Please give the lines below again exactly as they stand, from the one that contains "Woman by a Fence - view 1" up to and including the one that contains "Close-up of ruched draping fabric detail", leaving all pictures out.

#### Records for the exercise:
________________________________________

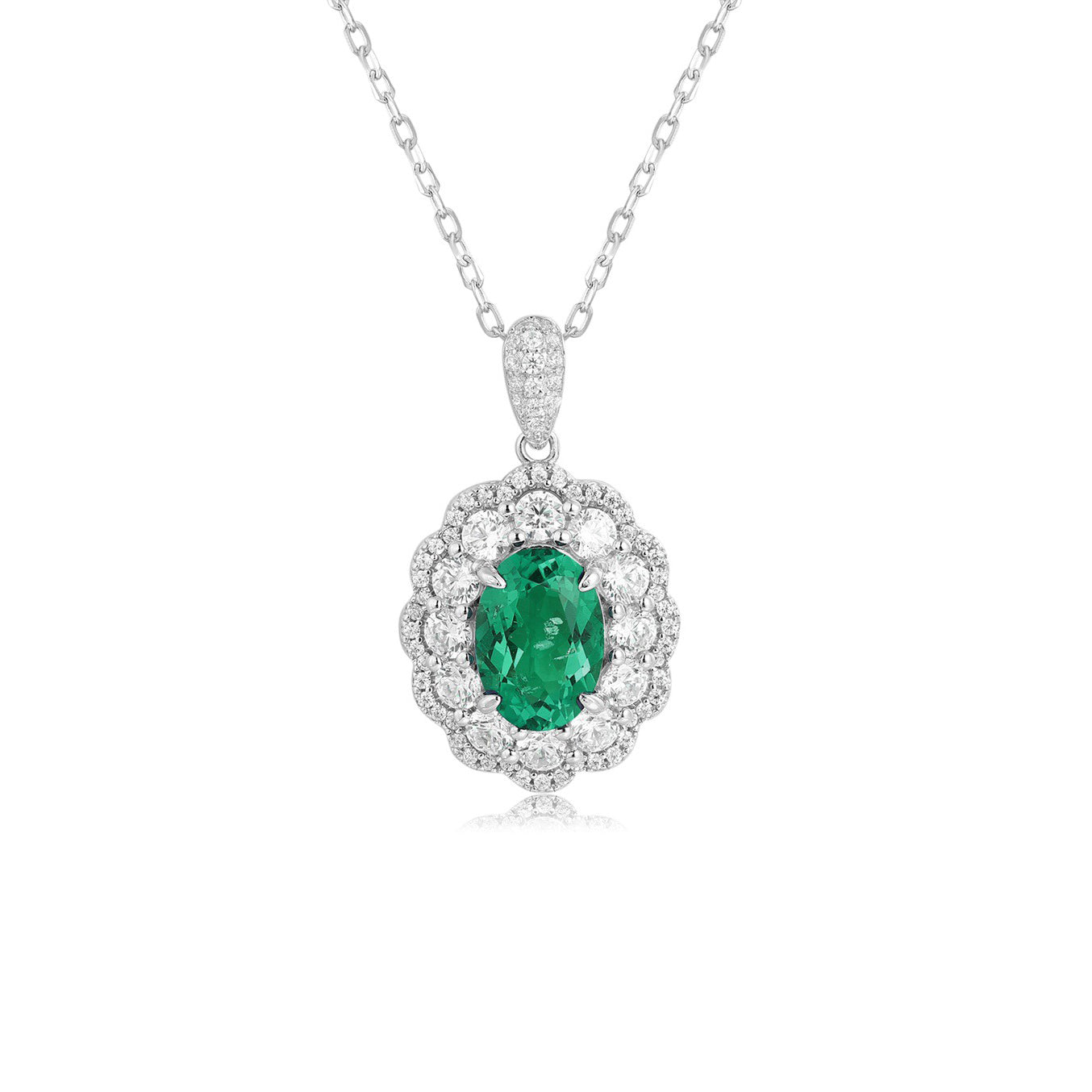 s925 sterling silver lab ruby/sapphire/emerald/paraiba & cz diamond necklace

________________________________________

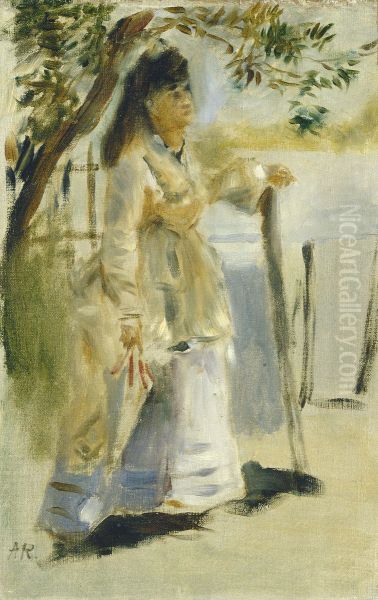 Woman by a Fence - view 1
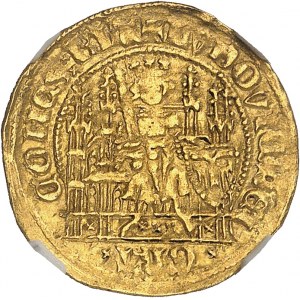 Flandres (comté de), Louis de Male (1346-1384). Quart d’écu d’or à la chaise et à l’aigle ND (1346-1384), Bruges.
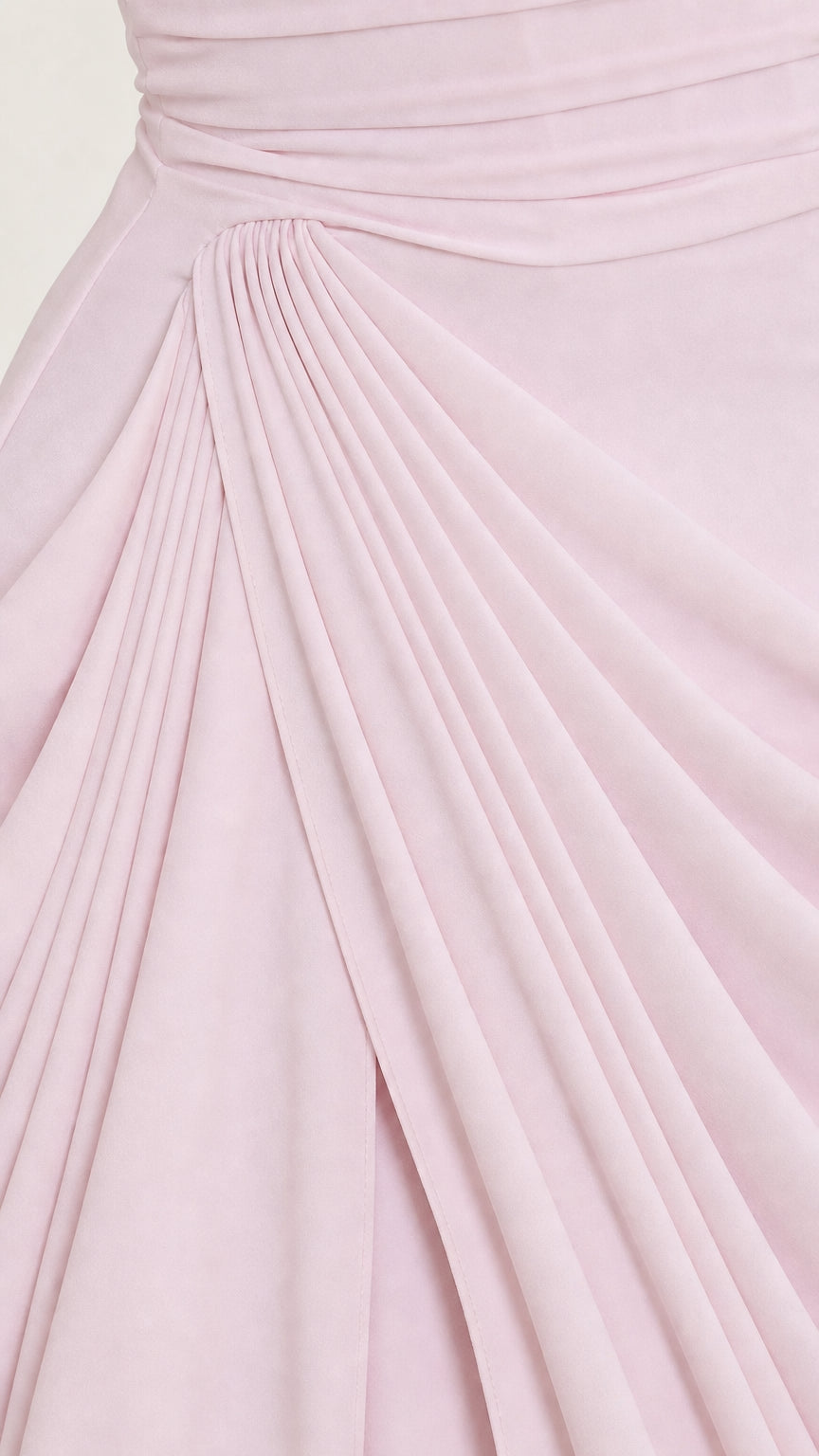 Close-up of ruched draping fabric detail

________________________________________

#### Result:
 Woman by a Fence - view 1
 Flandres (comté de), Louis de Male (1346-1384). Quart d’écu d’or à la chaise et à l’aigle ND (1346-1384), Bruges.
 Close-up of ruched draping fabric detail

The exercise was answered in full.